#### [Supplied data]
______________________________

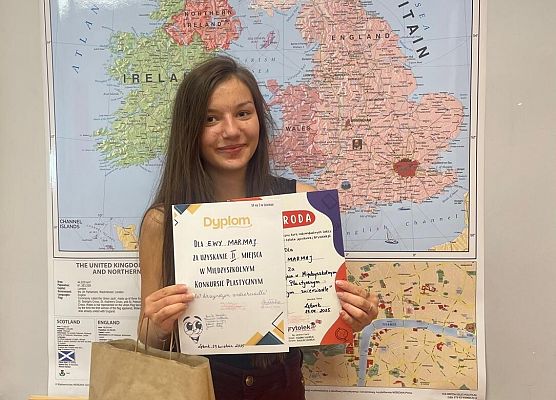 Międzyszkolny Konkurs Plastyczny "W krzywym zwierciadle" grafika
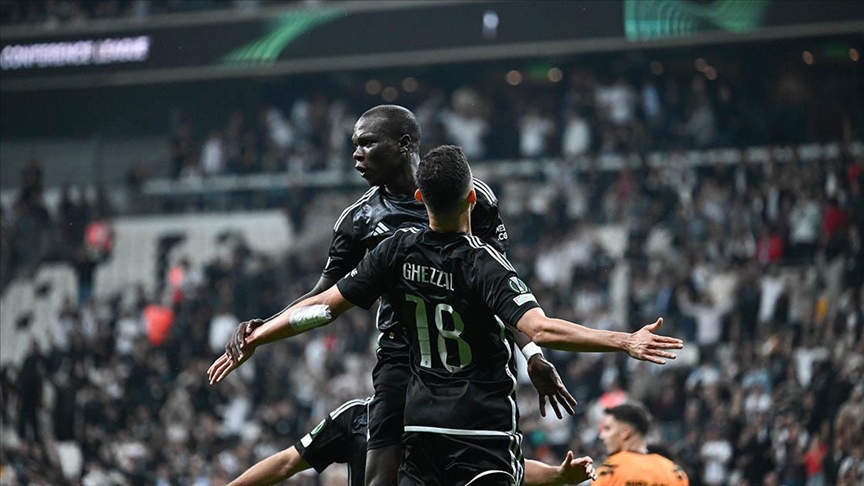 Beşiktaş'ta 5 futbolcu kadro dışı bırakıldı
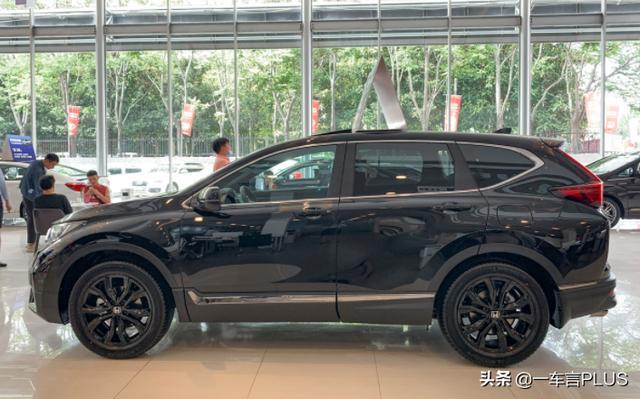 家用买本田CR-V还是丰田RAV4荣放？选不出来？一比就知道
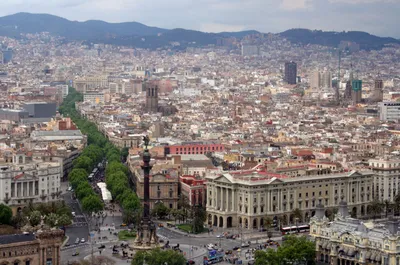 Город создан для пешеходов, а не авто. Чему Львов может поучиться у  Барселоны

______________________________

#### [Problem details]
If pictures appear in the data, do not print them; repeat the rest exactly.

#### [Task result]
 Międzyszkolny Konkurs Plastyczny "W krzywym zwierciadle" grafika
 Beşiktaş'ta 5 futbolcu kadro dışı bırakıldı
 家用买本田CR-V还是丰田RAV4荣放？选不出来？一比就知道
 Город создан для пешеходов, а не авто. Чему Львов может поучиться у  Барселоны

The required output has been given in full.